Scalar::Util provides access to the underlying Perl API looks_like_number routine which Perl itself uses internally
Perl will evaluate the string (eg) '5621hello' in numeric context as 5621 ... yet looks_like_number() will tell you that the string '5621hello' does not look like a number. That has always struck me as an anomaly .... I tend to think that a a string that "does not look like a number" should evaluate to zero in numeric context, but that (obviously) doesn't always happen.
no warnings 'numeric';
$string = '12.3hello';
print Scalar::Util::looks_like_number($string), "\n";
$string *= 2;
print $string, "\n";
I don't think this is a big deal, btw - it's just that it doesn't DWIM (for me, anyway).
Cheers, Rob Update: I meant to add that this might even have some siginificance for the op - because we can't assume anything about the numeric value of a variable, based on the fact that Scalar::Util says it doesn't look like a number.
But you've turned off the warning telling you that it doesn't looks_like_number.
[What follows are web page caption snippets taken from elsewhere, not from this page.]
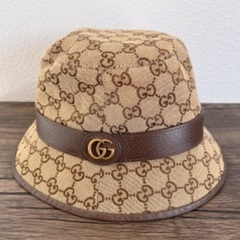 GUCCI GGキャンバス フェドラハット Lサイズ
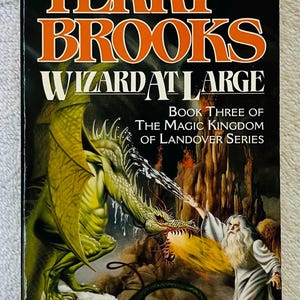 TERRY BROOKS - Wizard At Large - 1989 Fantasy Paperback - Landover Novel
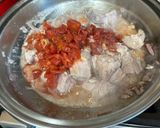 A picture of step 2 of Spicy Pork Kaldereta.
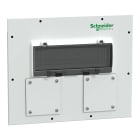 Schneider Electric - i-Line Track - Tôle face avant coffret T2 - 12M + prises 2x63A - IP42 - RAL9003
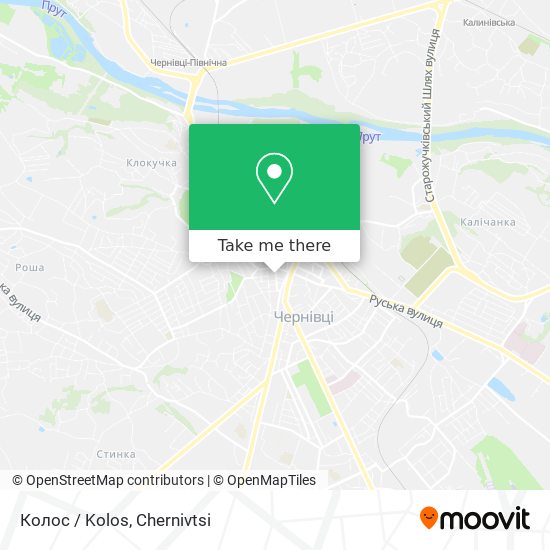 Колос / Kolos map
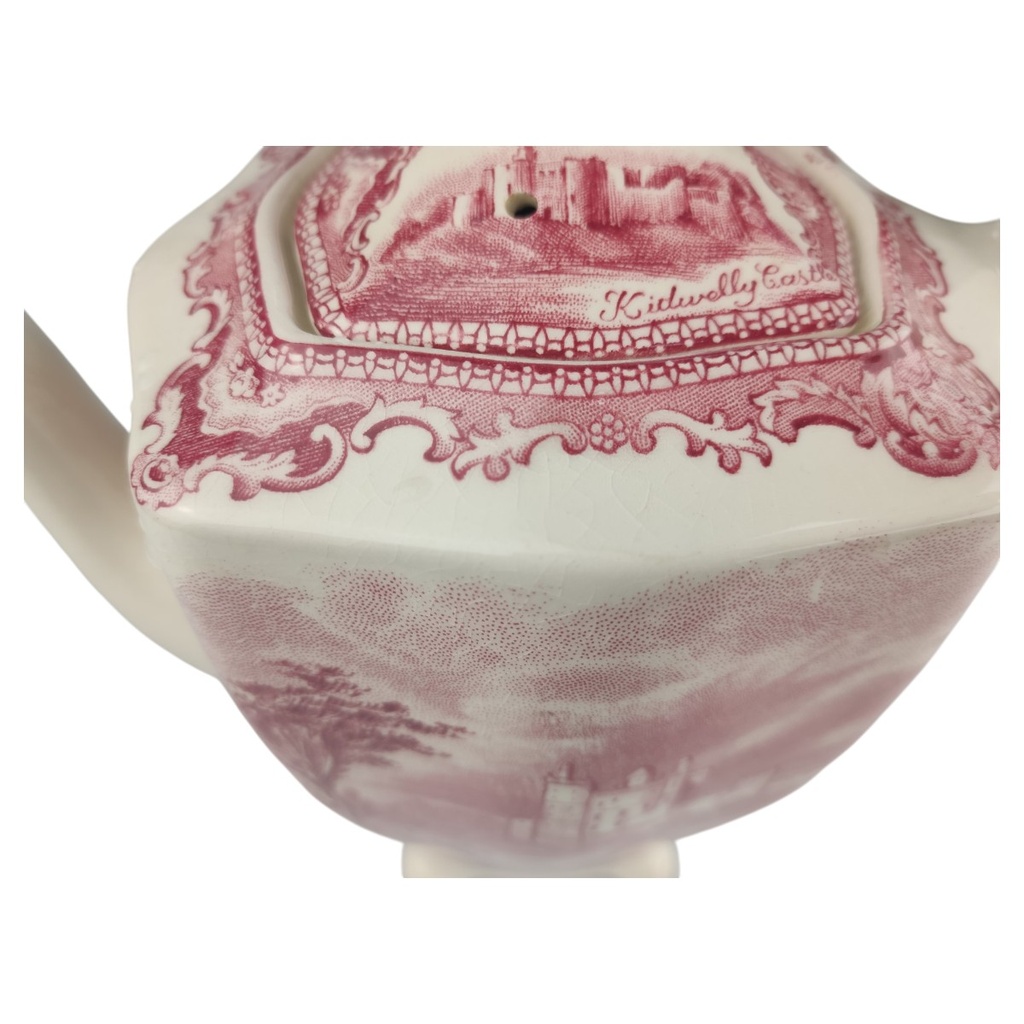 [1819013-3] Kaffeekanne 1,1 L Johnson Bros Old Britain Castles Rot gebraucht - akzeptabel Bild 8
If you don't have warnings on, Perl assumes you know what you're doing and tries to do what you've asked it to with the (crummy) numberish data you've given it. If you have enabled warnings, it lets you know about it's misgivings but still goes ahead and does what you've asked.
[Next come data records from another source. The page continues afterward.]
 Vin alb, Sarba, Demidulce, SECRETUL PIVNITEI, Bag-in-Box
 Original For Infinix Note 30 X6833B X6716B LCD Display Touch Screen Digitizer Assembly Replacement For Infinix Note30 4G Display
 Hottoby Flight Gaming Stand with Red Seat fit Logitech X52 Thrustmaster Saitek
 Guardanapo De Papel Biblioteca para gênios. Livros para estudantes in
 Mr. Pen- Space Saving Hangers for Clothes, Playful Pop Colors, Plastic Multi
I think the expectation mismatch is because Perl uses the (POSIX) C strtod(3) which by design (or at least by the manual page description :) follows this heuristic (from the start of the char* passed parse off as many digits followed by an optional "." and more digits followed by an optional exponent notation, and stop when you hit a not-digit-not-plusminus-not-exponent-marker character) rather than using if-looks_like_number-number-else-it's-zero. This is mentioned in perldata in passing, but if you're not familiar with the C API I'll grant that it's certainly open to causing confusion.